95% Confidence Interval: (0.6082, 0.6918)


### A researcher is testing the effectiveness of two different teaching methods on student performance. Sample A has a mean score of 85 with a standard deviation of 6, while sample B has a mean score of 82 with a standard deviation of 5. Conduct a hypothesis test to determine if the two teaching methods have a significant difference in student performance using a t-test with a significance level of 0.01.

In [14]:
import scipy.stats as stats

mean_A = 85
std_dev_A = 6
sample_size_A = 100

mean_B = 82
std_dev_B = 5
sample_size_B =  100

alpha = 0.01

# pooled standard deviation
pooled_std_dev = ((std_dev_A**2 * (sample_size_A - 1)) + (std_dev_B**2 * (sample_size_B - 1))) / (sample_size_A + sample_size_B - 2)
pooled_std_dev = pooled_std_dev ** 0.5

t_statistic = (mean_A - mean_B) / (pooled_std_dev * (1/sample_size_A + 1/sample_size_B) ** 0.5)

degrees_of_freedom = sample_size_A + sample_size_B - 2

critical_t_value = stats.t.ppf(1 - alpha / 2, df=degrees_of_freedom)

if abs(t_statistic) > critical_t_value:
    conclusion = "reject the null hypothesis"
else:
    conclusion = "fail to reject the null hypothesis"

print(f"T-Statistic: {t_statistic:.2f}")
print(f"Critical T-Value: {critical_t_value:.2f}")
print(f"Conclusion: Based on the test, we {conclusion} at the {alpha:.0%} significance level.")

T-Statistic: 3.84
Critical T-Value: 2.60
Conclusion: Based on the test, we reject the null hypothesis at the 1% significance level.
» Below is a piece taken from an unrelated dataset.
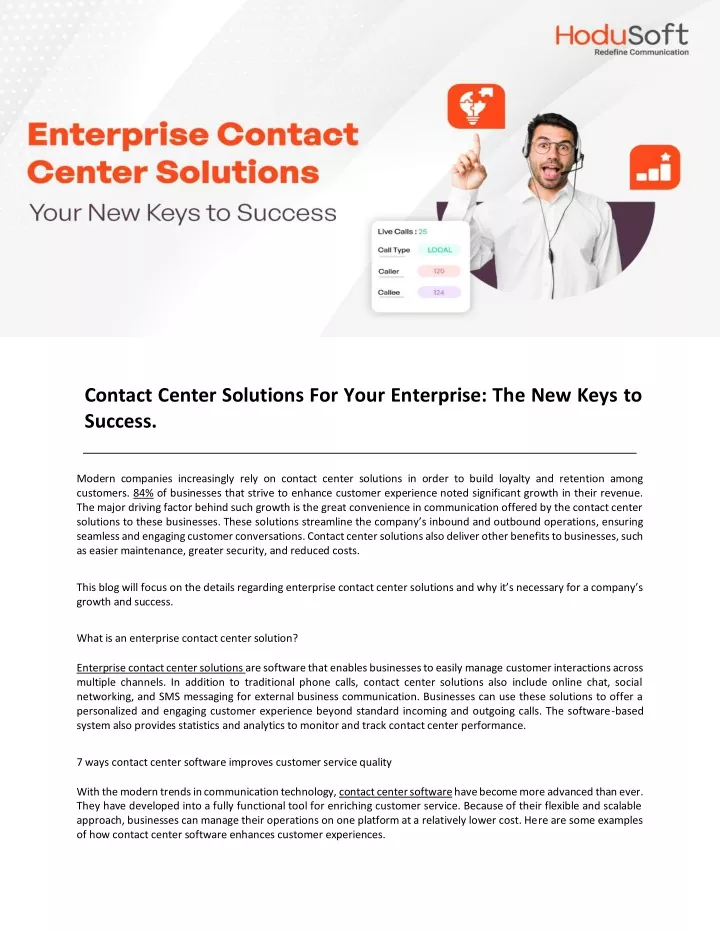 contact center solutions for your enterprise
### A population has a mean of 60 and a standard deviation of 8. A sample of 50 observations has a mean of 65. Calculate the 90% confidence interval for the true population mean.

In [16]:
import scipy.stats as stats

sample_mean = 65
population_std_dev = 8
sample_size = 50
confidence_level = 0.90

degrees_of_freedom = sample_size - 1

critical_value = stats.t.ppf(1 - (1 - confidence_level) / 2, df=degrees_of_freedom)

margin_of_error = critical_value * (population_std_dev / (sample_size ** 0.5))
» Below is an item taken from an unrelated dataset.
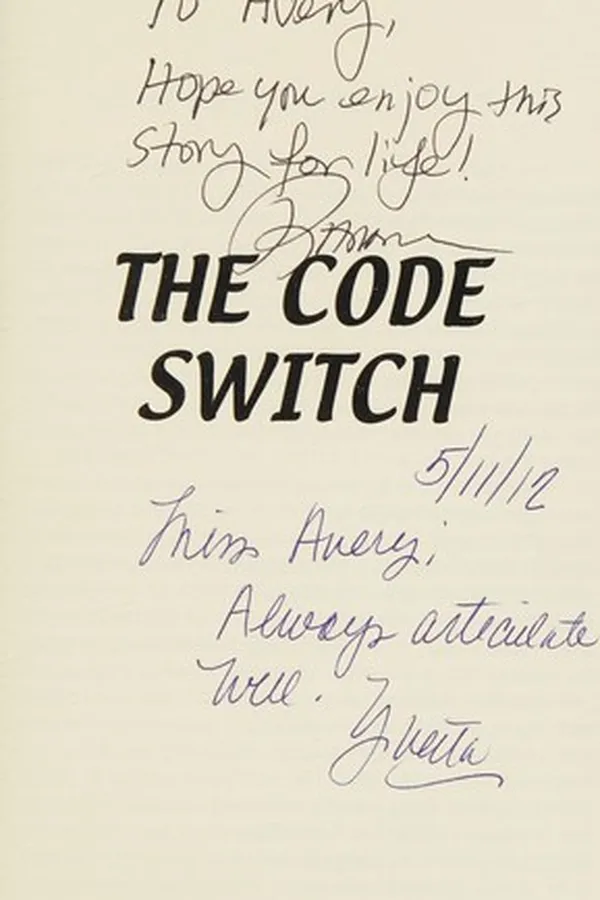 Capa de The code switch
lower_limit = sample_mean - margin_of_error
upper_limit = sample_mean + margin_of_error

print(f"90% Confidence Interval: ({lower_limit:.2f}, {upper_limit:.2f})")
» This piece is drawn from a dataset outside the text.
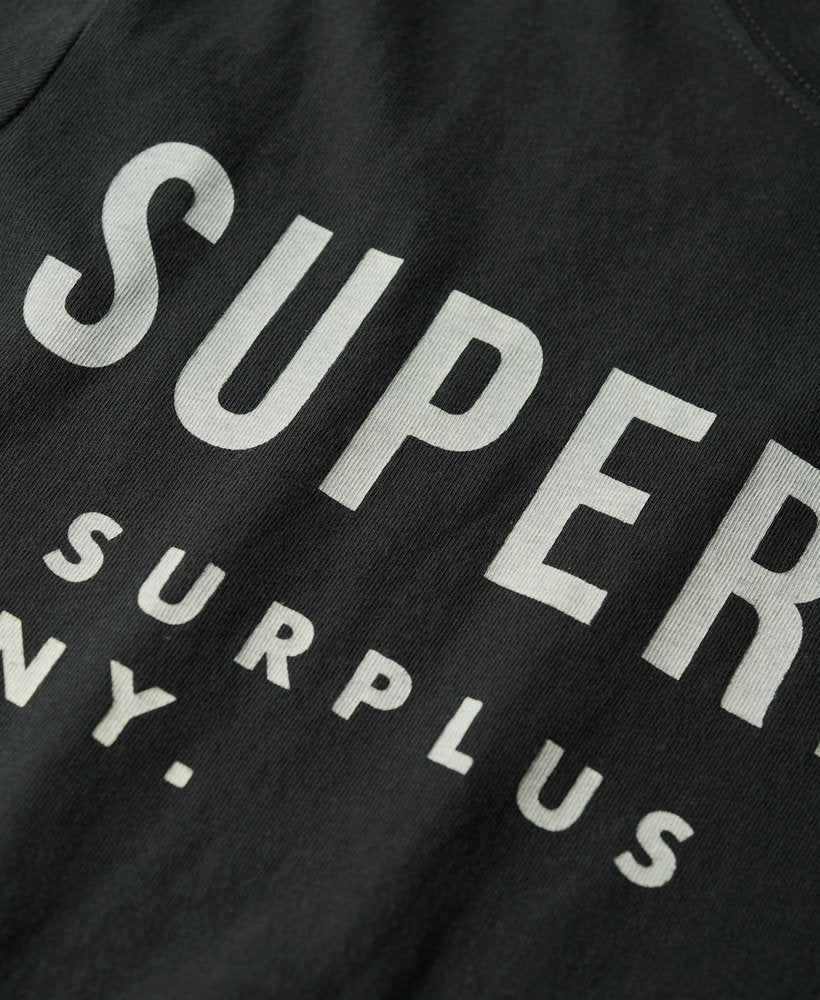 Surplus Graphic Washed Black T-shirt-Chest graphic view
90% Confidence Interval: (63.10, 66.90)


### In a study of the effects of caffeine on reaction time, a sample of 30 participants had an average reaction time of 0.25 seconds with a standard deviation of 0.05 seconds. Conduct a hypothesis test to determine if the caffeine has a significant effect on reaction time at a 90% confidence level using a t-test.

In [17]:
import scipy.stats as stats

sample_mean = 0.25
sample_std_dev = 0.05
sample_size = 30
confidence_level = 0.90

t_statistic = (sample_mean - 0) / (sample_std_dev / (sample_size ** 0.5))

degrees_of_freedom = sample_size - 1

critical_t_value = stats.t.ppf(1 - (1 - confidence_level) / 2, df=degrees_of_freedom)

if abs(t_statistic) > critical_t_value:
    conclusion = "reject the null hypothesis"
else:
    conclusion = "fail to reject the null hypothesis"

print(f"T-Statistic: {t_statistic:.2f}")
print(f"Critical T-Value: {critical_t_value:.2f}")
print(f"Conclusion: Based on the test, we {conclusion} at the {confidence_level:.0%} confidence level.")

T-Statistic: 27.39
Critical T-Value: 1.70
Conclusion: Based on the test, we reject the null hypothesis at the 90% confidence level.